And It's Probably Best if You Don't Put This Up There

'Stick This In Your Vagina' month continues with an article I came across advising that THC suppositories are the bomb for dealing with menstrual cramps. Yes, that's right, THC as in marijuana.

Foria is a company that makes lube laced with pot. I heard about them a few years ago because the media thinks that pot lube is pretty news worthy. I don't have a problem with the THC in the lube. I can't find anything that would suggest that it's dangerous. I also don't think that their claims of heightened desire, increased sensation and more frequent and intense orgasms are substantiated. It's unlikely to really do anything for you, it's very expensive and it is technically illegal in Canada and thus hard to get - but other than that, if you really want to use pot lube, fill your boots.

Now Foria has come out with something new. With the help of Dr. Jennifer Berman, they have developed THC vaginal suppositories to treat menstrual cramps.

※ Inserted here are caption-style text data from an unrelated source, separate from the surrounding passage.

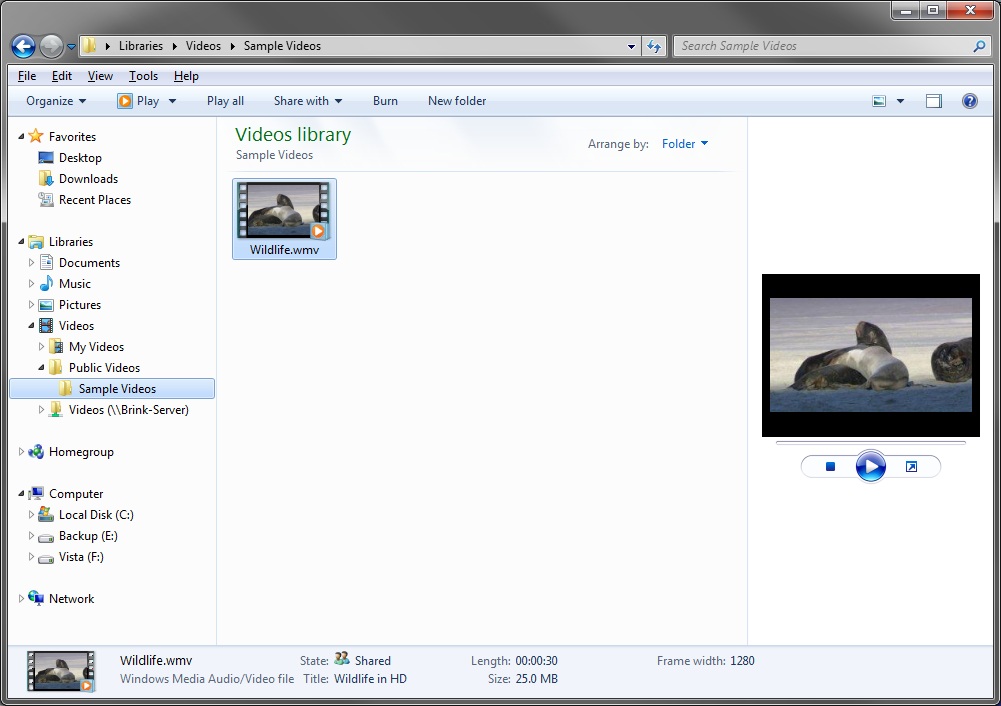 Windows File Explorer Show Folder Size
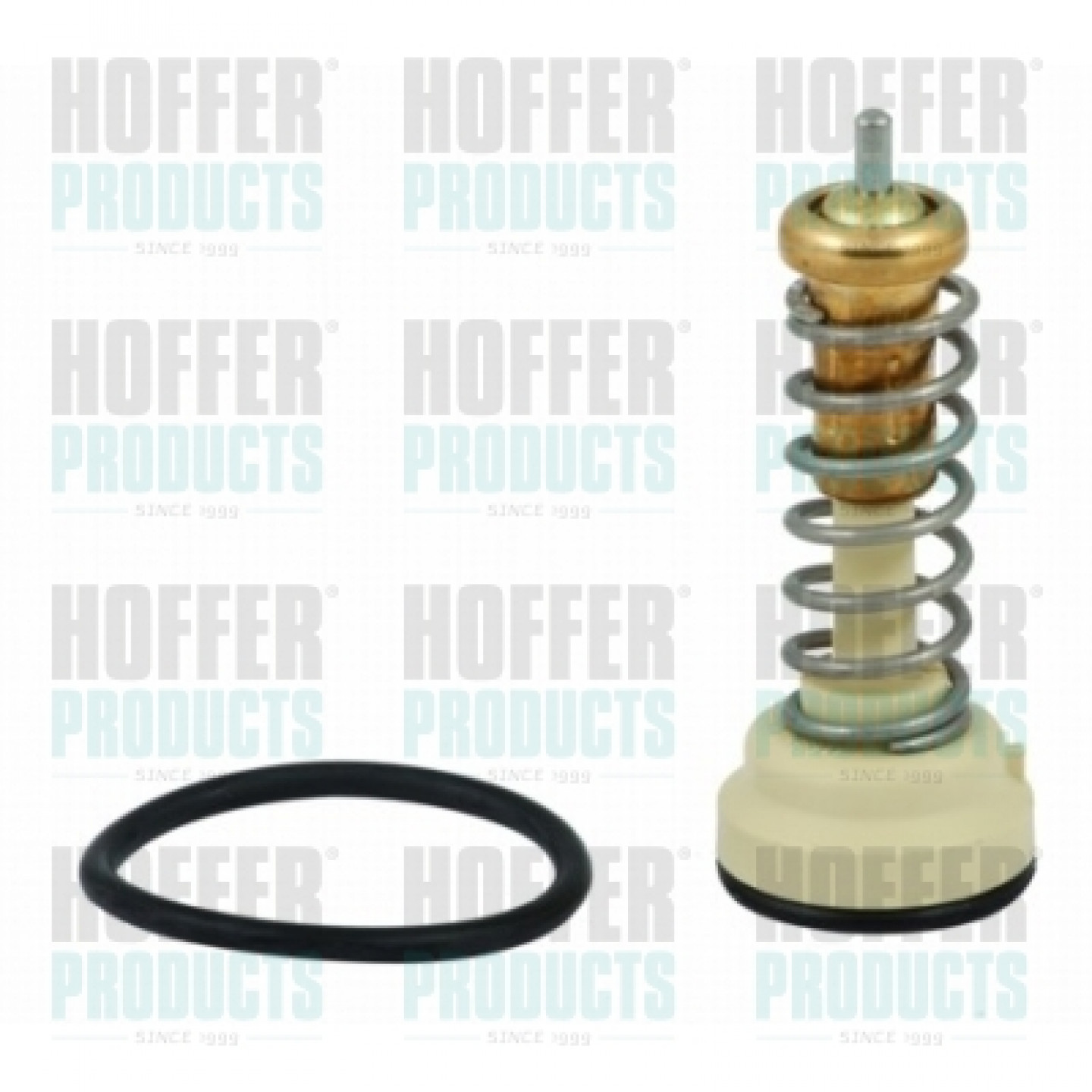 Thermostat d'eau HOFFER 8192755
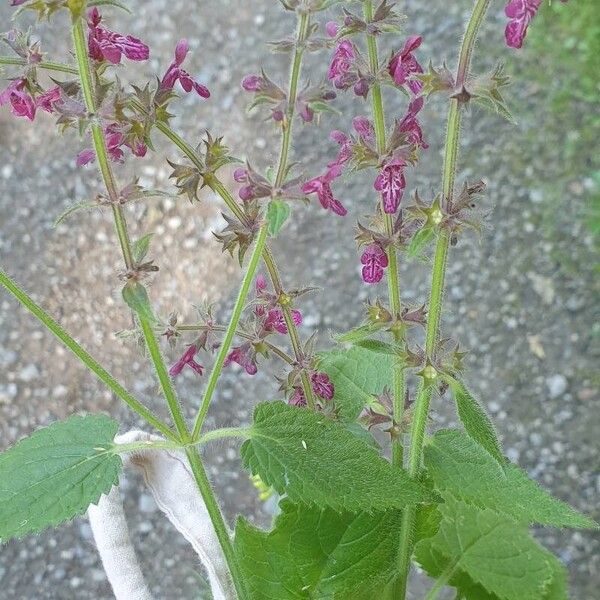 Stachys sylvatica Folio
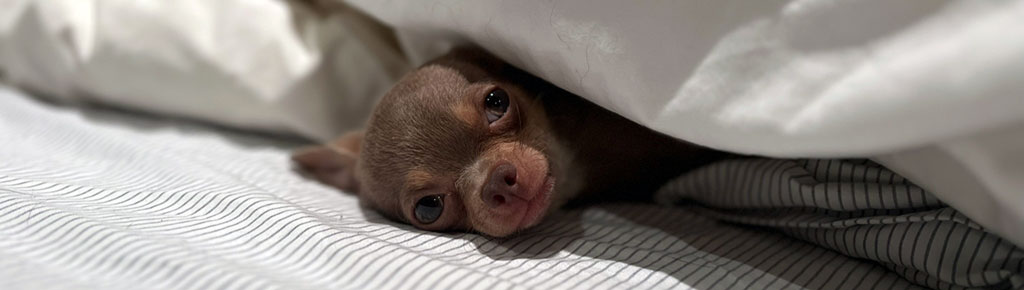Chihuahua - Asher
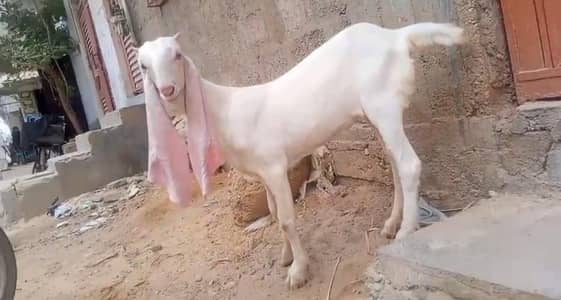 female gulabi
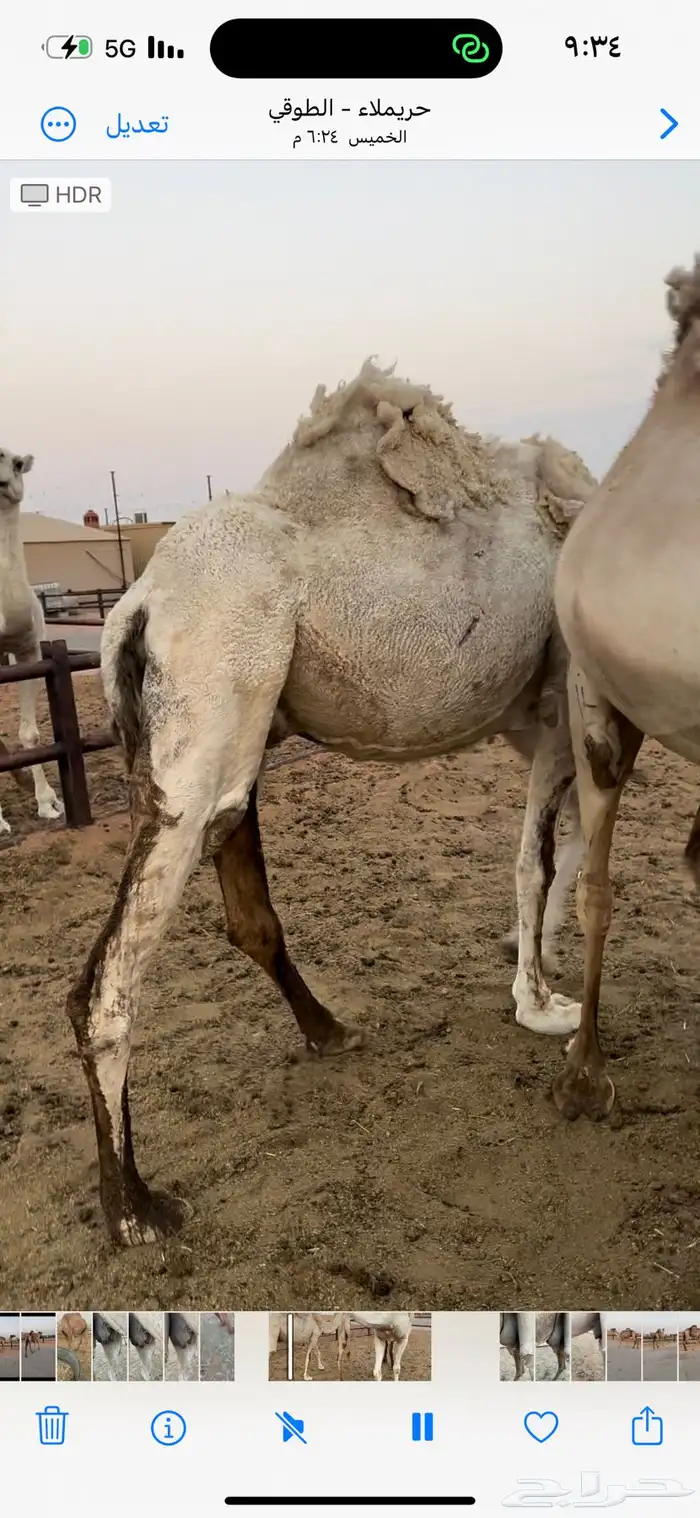 نياق قصب طيبة 2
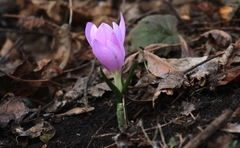Colchicum bulbocodium versicolor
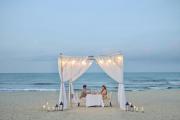 Top Da Nang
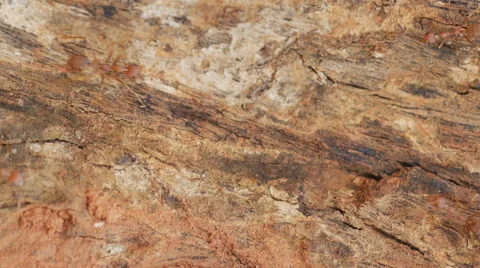 Red ant on tree background Stock Footage 61121167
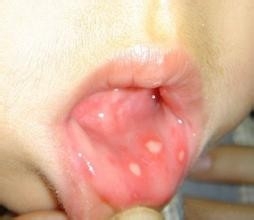 玩转生活常识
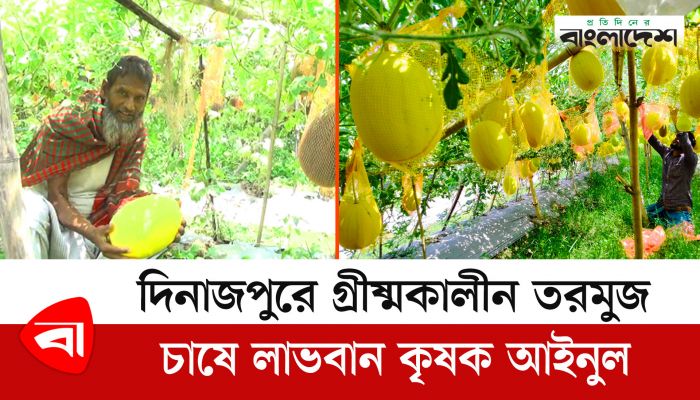 দিনাজপুরে গ্রীষ্মকালীন তরমুজ চাষে লাভবান কৃষক আইনুল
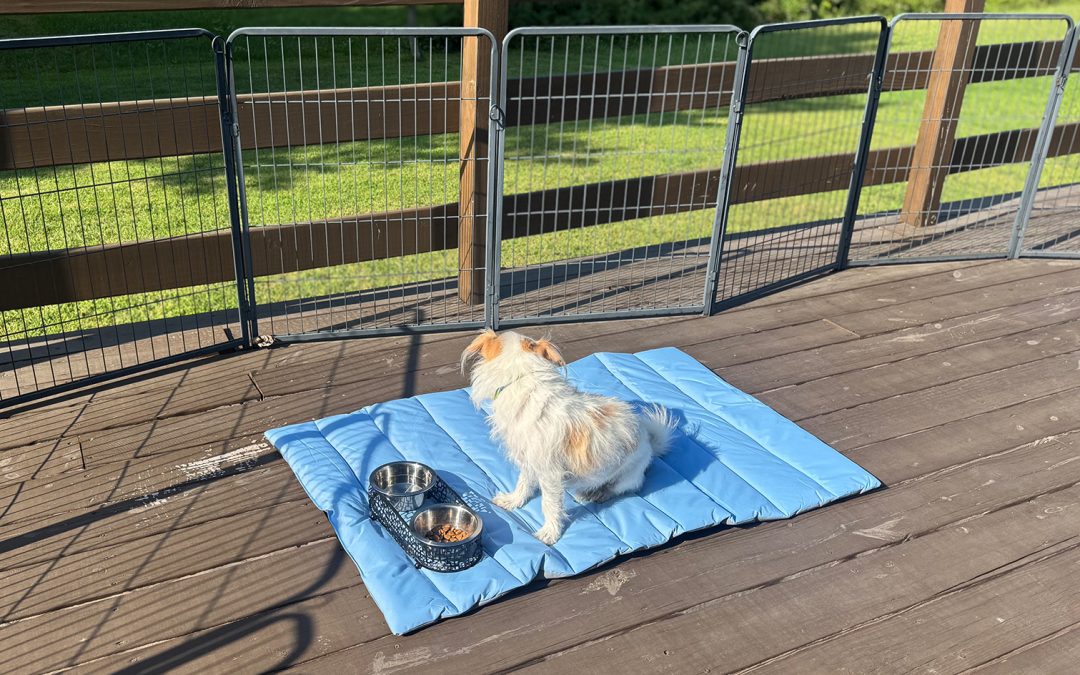 Loki vs. Outdoor Dining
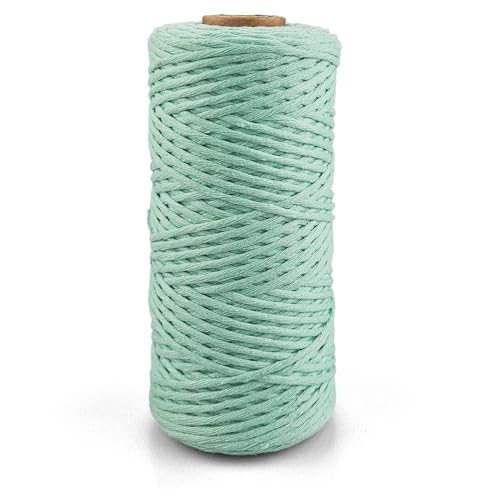 Netuno 1x Makramee Garn Mint 2 mm 150 m einfach gedreht Kordel Baumwolle Textilgarn Naturbaumwolle Garn für Makramee Schnur Baumwollkordel Dekoschnur farbig Twisted Macrame Cotton Cord von Netuno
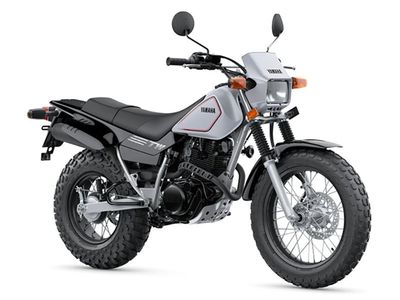 2026 Yamaha TW200 - Photo 6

This is not as off-base as it sounds. THC is widely used to treat all kinds of conditions, many of which cause chronic pain. Many people find that it helps to ease muscle pain. We also know that the epithelium, the lining of the vagina, can absorb substances from the vagina and transfer them into the bloodstream. It stands to reason that this weed suppository could work.

Why, then, do I think this may be a bad idea? Firstly, the delivery method is cocoa butter. It's a ball of cocoa butter laced with THC. The jury is still very much out on if, and in what measure, cocoa butter is safe inside the vagina. There's just no information on this. Many people are using coconut oil as a lubricant and claiming it does not lead to infection, but there's no actual research on it. There's even less anecdotal information about cocoa butter than there is about coconut oil.

Secondly, we also don't know how well the epithelium absorbs the THC. Is it really enough for there to be a therapeutic effect? This product is quite new and, for reasons I don't quite understand, doesn't seem to require an FDA approval even though it's purported to treat pain. For that reason, there's no evidence to show that it actually does work. Does it work any better than smoking or ingesting cannabis would? Is there a good reason to get this product rather than just using regular delivery routes?

Third, and you were probably anticipating this one, it's expensive. The suppositories cost about $15 CAD each. I am by no means an expert on the cost of marijuana and it's equivalent THC content, but my rudimentary calculations put this at about twice to cost of just buying the weed and smoking or otherwise ingesting it.

So overall, this is definitely not the worst thing you could put in your vagina - that number one spot is still held by the womb detox tea bags - but it's probably a waste of money. If you can get your hands on it, that is.

What does bother me about it is that the people who make it are making claims about its effectiveness while openly acknowledging that it has never been tested for safety and efficacy.
Then again, it's Dr. Jennifer Berman. Given her history with such things, this is not at all surprising.